• [Your goal] Give back every entry exactly; drop the pictures.

• [Exercise inputs]
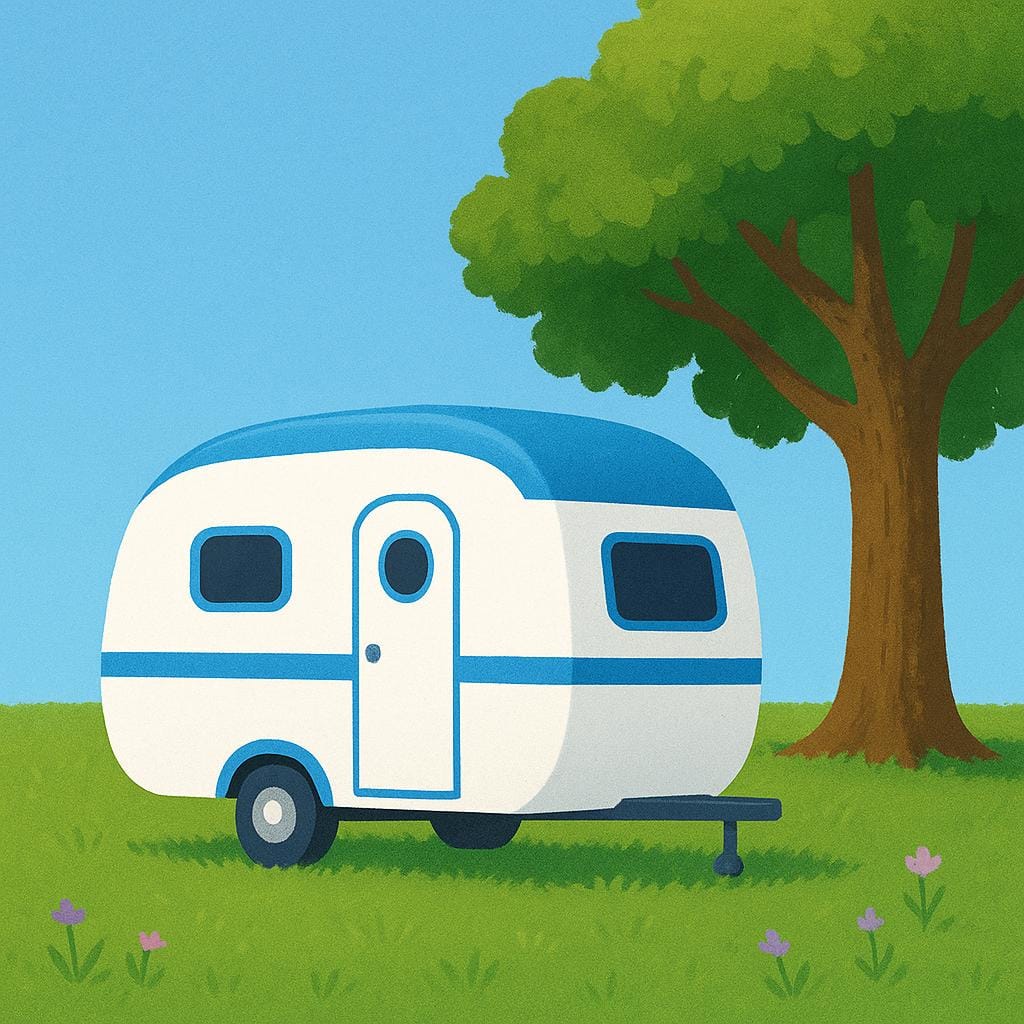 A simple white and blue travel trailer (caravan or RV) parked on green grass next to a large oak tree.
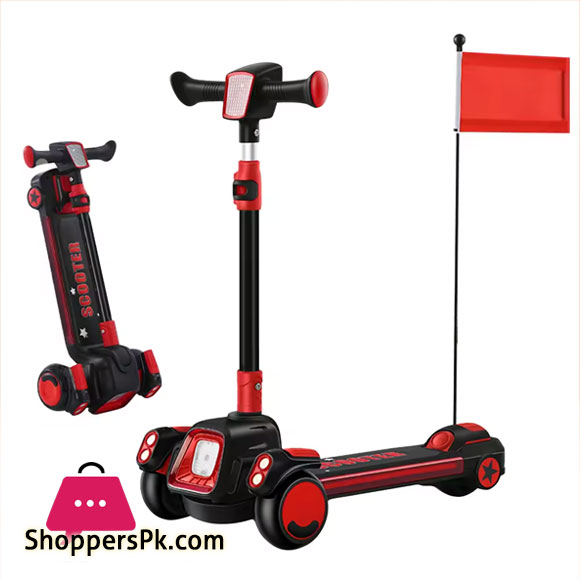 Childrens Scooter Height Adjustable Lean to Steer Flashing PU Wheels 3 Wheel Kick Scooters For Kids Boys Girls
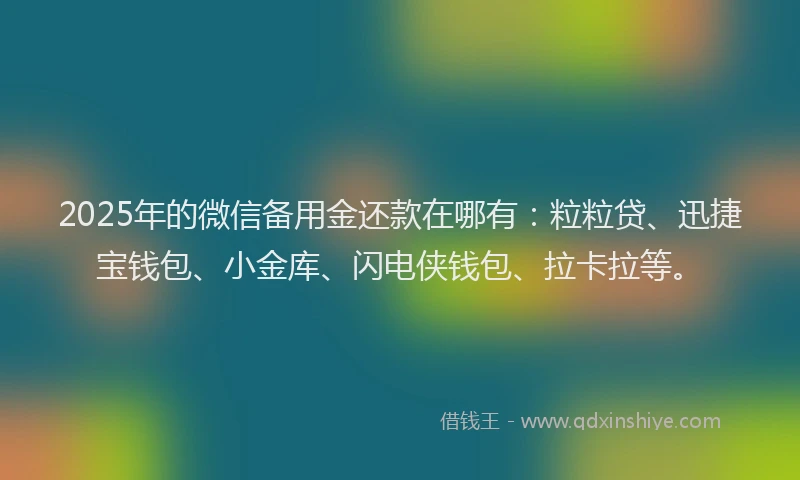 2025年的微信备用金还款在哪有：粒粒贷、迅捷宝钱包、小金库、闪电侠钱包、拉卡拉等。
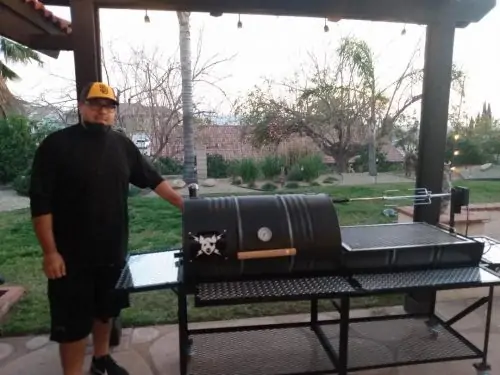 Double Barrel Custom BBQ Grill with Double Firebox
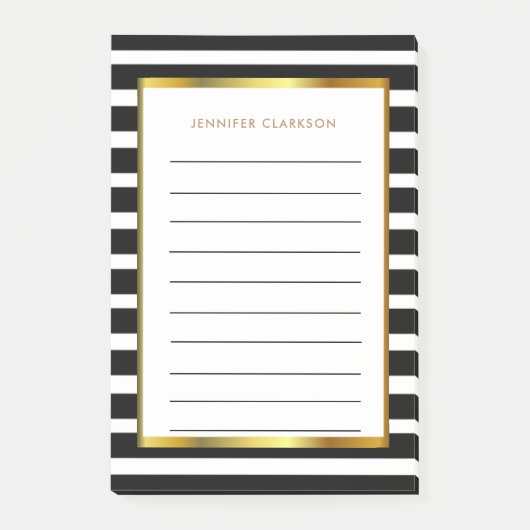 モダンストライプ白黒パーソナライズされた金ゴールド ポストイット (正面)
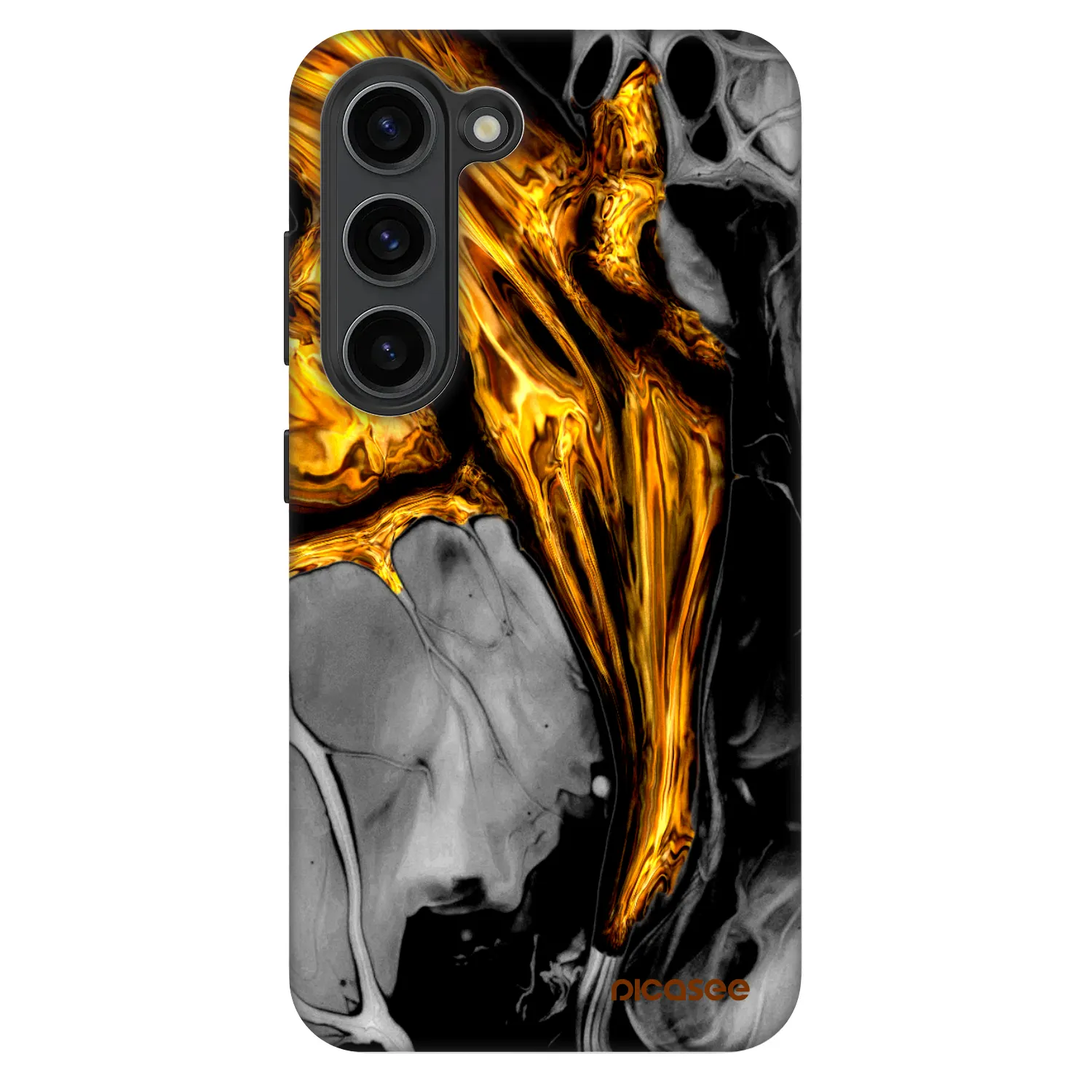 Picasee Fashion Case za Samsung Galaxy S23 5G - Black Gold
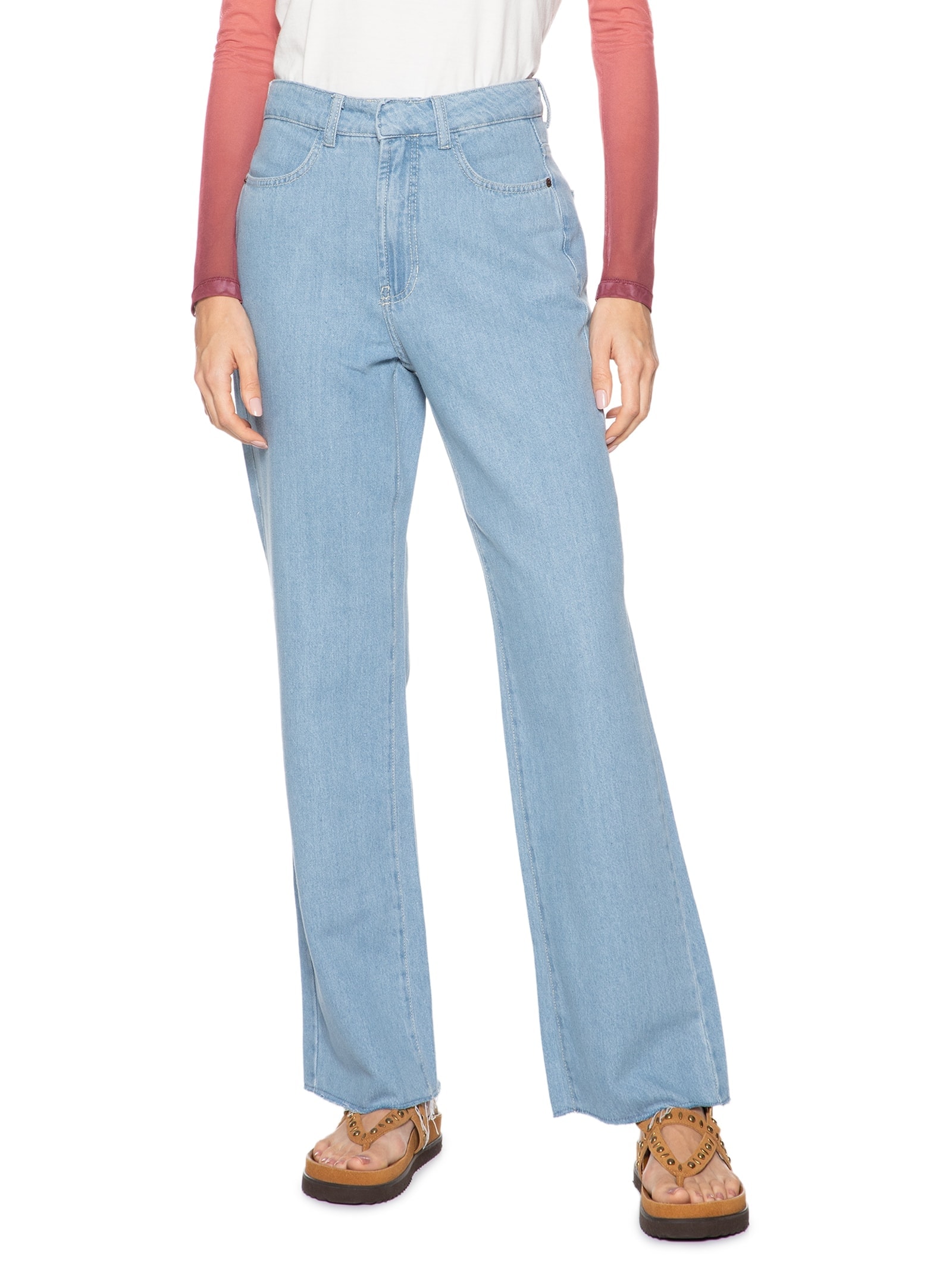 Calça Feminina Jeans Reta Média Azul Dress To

• [Task solution]
 A simple white and blue travel trailer (caravan or RV) parked on green grass next to a large oak tree.
 Childrens Scooter Height Adjustable Lean to Steer Flashing PU Wheels 3 Wheel Kick Scooters For Kids Boys Girls
 2025年的微信备用金还款在哪有：粒粒贷、迅捷宝钱包、小金库、闪电侠钱包、拉卡拉等。
 Double Barrel Custom BBQ Grill with Double Firebox
 モダンストライプ白黒パーソナライズされた金ゴールド ポストイット (正面)
 Picasee Fashion Case za Samsung Galaxy S23 5G - Black Gold
 Calça Feminina Jeans Reta Média Azul Dress To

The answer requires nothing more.